Давид быстро говорил с портье, на ходу перенимая от него примечательные обиженные интонации. Скузи, синьор, объяснял портье, но в Болонье проходит международная выставка, вам придется искать отель за городом.
“Хорошо, что я не стал вынимать сумку из багажника, — сказал Давид. — Давай поедем в другой город, мы ведь так и не решили ничего с маршрутом”. Он снова распял на коленях карту. “Куда бы ты хотела? — спросил он вежливо, но тут же вспомнил: — Только не говори, что на Эльбу”.
Над дорогой светился синий указатель: Ravenna.
“В Равенне похоронен Данте, — примирительно сказал Давид. — Ты как насчет Данте?”
Насчет Данте я почти никак. Могу продекламировать начало “Comedia Divina” — ну, ты помнишь, что, земную жизнь пройдя до половины, я очутился в сумрачном лесу. А следующие две строки все равно никто не помнит. “Почему? — насупился Давид. — Я помню”.

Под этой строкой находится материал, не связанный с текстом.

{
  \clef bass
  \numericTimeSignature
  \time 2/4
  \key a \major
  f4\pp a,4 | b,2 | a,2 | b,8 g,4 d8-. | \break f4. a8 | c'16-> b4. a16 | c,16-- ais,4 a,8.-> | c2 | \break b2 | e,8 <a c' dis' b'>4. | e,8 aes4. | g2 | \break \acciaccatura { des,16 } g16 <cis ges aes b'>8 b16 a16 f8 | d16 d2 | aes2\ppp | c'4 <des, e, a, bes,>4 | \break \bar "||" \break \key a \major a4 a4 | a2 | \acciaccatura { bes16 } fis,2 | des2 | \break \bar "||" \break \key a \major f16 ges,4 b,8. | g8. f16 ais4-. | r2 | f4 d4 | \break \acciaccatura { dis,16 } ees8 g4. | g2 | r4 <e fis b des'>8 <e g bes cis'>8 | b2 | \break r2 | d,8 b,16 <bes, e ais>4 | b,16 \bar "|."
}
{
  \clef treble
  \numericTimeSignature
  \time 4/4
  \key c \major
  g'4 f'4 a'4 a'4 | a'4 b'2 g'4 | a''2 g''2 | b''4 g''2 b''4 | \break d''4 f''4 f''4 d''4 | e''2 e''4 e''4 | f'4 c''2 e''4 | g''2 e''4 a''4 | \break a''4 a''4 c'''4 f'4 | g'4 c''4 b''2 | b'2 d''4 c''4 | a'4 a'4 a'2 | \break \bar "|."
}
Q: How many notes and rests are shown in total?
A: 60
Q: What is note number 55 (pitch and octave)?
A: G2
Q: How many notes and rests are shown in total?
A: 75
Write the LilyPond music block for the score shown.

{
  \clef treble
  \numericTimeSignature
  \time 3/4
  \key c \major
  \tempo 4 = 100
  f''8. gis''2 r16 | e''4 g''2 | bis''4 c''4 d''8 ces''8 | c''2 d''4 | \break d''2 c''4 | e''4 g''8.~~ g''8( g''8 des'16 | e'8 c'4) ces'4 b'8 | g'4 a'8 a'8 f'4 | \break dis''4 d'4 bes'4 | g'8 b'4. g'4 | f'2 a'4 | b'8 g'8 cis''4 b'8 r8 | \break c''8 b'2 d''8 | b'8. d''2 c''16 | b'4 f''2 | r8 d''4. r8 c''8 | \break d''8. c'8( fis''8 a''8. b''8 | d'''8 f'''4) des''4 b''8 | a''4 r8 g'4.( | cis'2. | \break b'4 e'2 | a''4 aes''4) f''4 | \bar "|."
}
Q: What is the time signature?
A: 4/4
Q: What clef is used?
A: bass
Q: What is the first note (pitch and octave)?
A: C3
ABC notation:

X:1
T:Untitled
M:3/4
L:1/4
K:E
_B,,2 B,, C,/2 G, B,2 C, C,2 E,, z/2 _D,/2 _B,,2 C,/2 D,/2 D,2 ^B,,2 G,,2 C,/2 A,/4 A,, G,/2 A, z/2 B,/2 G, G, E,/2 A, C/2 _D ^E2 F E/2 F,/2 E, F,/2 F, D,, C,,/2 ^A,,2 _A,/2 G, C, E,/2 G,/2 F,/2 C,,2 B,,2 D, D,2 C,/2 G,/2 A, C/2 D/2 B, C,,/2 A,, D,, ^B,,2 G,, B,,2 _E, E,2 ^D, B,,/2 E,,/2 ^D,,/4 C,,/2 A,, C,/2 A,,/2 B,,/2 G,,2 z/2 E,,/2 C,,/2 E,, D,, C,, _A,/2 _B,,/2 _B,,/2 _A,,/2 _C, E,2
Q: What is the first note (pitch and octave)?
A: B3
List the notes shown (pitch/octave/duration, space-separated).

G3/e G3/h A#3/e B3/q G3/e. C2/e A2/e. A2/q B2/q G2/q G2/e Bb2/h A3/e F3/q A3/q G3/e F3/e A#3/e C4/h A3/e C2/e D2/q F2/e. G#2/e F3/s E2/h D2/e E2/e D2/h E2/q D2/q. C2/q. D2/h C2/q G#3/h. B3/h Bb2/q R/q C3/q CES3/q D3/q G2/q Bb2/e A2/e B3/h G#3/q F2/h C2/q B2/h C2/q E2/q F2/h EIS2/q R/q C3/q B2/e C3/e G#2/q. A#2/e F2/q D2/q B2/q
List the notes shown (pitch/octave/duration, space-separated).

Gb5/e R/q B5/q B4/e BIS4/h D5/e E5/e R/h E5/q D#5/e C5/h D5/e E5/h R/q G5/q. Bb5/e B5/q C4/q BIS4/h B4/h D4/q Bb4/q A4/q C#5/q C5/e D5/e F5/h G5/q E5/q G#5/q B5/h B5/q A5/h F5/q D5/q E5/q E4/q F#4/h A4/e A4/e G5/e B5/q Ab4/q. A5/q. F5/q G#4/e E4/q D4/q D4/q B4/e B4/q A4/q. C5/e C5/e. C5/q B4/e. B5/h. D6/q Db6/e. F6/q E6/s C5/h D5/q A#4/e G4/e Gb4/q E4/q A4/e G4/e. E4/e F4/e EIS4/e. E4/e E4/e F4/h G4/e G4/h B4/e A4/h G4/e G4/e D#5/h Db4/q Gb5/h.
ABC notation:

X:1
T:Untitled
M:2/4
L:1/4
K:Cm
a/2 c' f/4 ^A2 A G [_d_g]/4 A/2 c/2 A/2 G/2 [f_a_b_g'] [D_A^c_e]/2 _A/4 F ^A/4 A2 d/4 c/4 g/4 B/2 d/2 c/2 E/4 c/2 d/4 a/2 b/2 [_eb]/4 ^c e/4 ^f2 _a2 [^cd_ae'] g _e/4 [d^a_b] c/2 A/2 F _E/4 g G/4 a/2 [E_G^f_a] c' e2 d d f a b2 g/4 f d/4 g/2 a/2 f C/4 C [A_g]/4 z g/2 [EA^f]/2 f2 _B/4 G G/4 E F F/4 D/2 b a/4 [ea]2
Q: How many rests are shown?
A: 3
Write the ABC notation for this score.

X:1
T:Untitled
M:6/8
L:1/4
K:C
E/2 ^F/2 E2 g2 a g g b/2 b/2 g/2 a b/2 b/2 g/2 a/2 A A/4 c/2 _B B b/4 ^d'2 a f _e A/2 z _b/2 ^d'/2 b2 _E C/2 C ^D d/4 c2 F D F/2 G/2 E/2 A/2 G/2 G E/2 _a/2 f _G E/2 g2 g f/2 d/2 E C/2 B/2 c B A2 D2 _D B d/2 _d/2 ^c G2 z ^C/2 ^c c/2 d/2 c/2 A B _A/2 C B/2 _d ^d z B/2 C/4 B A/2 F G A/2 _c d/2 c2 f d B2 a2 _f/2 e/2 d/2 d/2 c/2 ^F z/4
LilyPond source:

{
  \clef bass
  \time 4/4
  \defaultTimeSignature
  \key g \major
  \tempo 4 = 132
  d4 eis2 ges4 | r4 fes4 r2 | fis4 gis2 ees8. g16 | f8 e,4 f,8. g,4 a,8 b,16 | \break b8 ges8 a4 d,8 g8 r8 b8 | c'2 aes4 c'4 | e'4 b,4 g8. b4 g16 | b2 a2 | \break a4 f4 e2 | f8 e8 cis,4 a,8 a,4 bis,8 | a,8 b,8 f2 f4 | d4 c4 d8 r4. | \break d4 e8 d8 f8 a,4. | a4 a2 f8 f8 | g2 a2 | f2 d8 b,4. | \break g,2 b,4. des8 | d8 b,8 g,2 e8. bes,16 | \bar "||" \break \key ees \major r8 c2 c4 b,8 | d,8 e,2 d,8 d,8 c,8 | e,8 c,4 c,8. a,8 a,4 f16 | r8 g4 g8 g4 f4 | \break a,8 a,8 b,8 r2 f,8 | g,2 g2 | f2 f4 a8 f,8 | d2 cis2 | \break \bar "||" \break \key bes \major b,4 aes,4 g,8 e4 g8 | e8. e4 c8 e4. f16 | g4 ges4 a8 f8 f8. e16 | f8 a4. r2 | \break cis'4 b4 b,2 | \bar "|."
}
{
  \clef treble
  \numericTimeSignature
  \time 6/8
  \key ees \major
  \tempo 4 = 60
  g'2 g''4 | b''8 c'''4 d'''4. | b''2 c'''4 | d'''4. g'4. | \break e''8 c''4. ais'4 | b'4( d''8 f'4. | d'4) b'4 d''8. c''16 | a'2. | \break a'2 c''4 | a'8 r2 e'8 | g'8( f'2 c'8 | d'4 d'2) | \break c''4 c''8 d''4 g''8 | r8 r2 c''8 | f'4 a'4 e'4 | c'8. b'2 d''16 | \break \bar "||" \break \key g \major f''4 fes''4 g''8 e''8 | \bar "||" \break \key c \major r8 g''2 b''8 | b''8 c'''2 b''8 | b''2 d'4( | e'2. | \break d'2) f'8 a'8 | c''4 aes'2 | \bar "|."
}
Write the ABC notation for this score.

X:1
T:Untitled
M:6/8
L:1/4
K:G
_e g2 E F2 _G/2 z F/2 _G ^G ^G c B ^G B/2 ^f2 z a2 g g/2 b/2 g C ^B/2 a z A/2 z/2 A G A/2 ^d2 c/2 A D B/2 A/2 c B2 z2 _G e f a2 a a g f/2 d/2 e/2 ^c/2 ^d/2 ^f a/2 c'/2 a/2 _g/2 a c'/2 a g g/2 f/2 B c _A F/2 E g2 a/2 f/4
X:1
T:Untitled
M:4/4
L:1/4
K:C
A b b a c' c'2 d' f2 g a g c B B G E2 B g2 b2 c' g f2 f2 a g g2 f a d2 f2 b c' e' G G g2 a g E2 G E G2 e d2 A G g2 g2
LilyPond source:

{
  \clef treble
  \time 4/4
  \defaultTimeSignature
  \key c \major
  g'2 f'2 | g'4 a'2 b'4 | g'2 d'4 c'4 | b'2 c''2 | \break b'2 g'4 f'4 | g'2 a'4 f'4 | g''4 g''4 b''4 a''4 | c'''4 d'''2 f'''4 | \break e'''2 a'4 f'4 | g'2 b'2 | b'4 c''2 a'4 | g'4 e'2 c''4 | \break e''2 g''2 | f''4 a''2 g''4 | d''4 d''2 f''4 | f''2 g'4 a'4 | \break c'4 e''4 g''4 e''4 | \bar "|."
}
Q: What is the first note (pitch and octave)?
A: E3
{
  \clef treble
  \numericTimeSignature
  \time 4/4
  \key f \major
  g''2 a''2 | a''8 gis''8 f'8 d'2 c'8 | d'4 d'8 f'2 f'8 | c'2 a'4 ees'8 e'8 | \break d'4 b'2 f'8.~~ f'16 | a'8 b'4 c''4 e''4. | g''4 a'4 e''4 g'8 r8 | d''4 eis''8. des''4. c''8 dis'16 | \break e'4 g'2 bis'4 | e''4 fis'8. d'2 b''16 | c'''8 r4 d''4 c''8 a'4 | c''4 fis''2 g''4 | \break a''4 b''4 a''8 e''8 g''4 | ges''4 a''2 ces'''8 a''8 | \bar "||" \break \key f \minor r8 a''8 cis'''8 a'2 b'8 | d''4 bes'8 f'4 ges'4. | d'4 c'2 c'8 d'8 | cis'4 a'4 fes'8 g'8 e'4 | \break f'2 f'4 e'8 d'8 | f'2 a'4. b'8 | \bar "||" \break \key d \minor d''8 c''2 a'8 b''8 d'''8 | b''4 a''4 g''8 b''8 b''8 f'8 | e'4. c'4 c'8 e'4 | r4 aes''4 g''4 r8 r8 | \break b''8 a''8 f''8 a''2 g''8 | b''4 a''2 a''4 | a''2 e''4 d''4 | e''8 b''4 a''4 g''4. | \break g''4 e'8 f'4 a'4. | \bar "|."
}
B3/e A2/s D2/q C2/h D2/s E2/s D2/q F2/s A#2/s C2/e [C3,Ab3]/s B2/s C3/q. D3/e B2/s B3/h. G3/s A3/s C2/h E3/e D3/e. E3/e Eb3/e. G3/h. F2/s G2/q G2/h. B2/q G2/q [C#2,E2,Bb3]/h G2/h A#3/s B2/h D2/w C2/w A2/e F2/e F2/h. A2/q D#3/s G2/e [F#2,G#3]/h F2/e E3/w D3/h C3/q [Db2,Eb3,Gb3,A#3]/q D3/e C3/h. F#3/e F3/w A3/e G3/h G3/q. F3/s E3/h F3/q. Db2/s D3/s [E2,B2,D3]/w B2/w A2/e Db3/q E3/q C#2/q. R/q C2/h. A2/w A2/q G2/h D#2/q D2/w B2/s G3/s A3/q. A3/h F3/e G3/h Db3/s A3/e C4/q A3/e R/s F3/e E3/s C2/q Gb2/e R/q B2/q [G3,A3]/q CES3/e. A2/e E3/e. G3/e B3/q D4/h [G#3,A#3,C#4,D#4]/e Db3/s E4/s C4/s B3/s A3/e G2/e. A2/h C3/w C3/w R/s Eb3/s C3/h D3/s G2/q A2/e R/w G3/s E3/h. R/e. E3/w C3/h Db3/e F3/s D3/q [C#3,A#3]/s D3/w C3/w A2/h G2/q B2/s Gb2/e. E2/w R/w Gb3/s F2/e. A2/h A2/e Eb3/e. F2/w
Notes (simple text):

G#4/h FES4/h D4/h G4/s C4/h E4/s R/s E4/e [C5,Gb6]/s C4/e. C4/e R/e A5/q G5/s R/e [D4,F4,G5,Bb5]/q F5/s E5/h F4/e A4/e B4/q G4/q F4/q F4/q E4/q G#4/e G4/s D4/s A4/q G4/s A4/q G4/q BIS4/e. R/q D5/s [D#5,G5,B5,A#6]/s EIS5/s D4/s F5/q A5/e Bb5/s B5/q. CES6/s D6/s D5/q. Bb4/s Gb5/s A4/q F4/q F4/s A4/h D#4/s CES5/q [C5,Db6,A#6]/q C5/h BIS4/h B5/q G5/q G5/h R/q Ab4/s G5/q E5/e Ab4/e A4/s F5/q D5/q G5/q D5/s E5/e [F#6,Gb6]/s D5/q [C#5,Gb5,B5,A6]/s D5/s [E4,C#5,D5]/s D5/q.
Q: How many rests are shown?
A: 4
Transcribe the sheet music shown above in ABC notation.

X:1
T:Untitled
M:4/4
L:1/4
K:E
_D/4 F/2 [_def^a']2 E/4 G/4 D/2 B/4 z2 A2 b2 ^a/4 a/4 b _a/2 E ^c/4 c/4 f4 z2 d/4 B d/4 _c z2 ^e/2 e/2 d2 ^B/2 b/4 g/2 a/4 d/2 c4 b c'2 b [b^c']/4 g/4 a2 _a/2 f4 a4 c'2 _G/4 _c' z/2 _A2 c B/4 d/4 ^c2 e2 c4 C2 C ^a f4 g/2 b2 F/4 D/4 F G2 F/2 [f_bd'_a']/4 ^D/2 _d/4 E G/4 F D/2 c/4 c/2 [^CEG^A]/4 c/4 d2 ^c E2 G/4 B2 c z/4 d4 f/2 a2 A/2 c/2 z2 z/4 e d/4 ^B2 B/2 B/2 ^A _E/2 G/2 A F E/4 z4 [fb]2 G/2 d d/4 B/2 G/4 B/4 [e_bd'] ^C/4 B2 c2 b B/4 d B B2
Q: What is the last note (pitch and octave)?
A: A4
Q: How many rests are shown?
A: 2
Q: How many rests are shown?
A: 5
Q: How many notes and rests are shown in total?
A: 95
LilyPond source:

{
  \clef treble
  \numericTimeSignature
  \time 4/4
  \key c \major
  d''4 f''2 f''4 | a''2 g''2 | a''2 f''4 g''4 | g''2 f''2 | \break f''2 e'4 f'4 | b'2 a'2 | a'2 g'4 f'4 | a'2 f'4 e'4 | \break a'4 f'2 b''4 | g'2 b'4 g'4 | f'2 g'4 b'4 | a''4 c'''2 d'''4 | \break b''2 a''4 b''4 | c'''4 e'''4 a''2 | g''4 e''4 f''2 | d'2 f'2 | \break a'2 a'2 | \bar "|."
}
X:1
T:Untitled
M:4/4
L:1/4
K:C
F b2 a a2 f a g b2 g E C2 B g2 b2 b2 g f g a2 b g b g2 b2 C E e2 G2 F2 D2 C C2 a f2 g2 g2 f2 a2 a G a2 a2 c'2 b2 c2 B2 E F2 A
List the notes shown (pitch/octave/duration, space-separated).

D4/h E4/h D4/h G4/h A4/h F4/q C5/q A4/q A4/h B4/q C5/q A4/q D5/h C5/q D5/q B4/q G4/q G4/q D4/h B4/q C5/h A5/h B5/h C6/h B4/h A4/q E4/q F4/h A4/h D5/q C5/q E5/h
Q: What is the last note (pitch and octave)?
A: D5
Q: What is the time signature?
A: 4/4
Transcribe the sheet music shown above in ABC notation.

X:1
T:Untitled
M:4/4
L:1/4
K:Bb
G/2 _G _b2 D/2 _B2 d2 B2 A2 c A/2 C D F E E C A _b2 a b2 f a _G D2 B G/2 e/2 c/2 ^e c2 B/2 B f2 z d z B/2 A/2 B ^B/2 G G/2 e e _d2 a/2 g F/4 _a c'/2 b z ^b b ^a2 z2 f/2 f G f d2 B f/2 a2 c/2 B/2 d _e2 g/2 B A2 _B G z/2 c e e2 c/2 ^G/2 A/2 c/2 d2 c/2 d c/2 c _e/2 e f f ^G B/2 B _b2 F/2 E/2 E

Мальчик из рабочей семьи начал читать Данте, мы выехали из Болоньи, накрытой темной вуалью — или москитной сеткой? До Равенны оставалось немного — каких-то восемьдесят километров. У меня заболела голова, Давид дремал, карта шуршала на заднем сиденье, почти как живое существо. Давид — настоящий интеллектуал, он уходит в ванную с целой стопой журналов и книг: я слышу, как он отбрасывает прочитанное в сторону, по каждому такому хлопку можно угадать, хороша ли книга. Если нехороша, она летит на холодный пол с особенным грохотом. Давид читает за столом, прислонив книгу к пепельнице, в книжных магазинах продавщицы задумчиво вздыхают ему вслед.
Не все меряется любовью, говорила моя мама и приводила показательные примеры из жизни своих подруг и своей собственной жизни. Добавляя скорости, как перца в соус, я думала, что мерить жизнь любовью — это все равно как смотреть фильм, сложенный только из лирических компонентов. Скучно и стыдно за тех, кто все это придумал, нашел денег и снял. Упиваться уж тут, во всяком случае, нечем, и где интрига?
Давид спал, мы ехали в Равенну, я думала — чем еще мерить жизнь, если не любовью?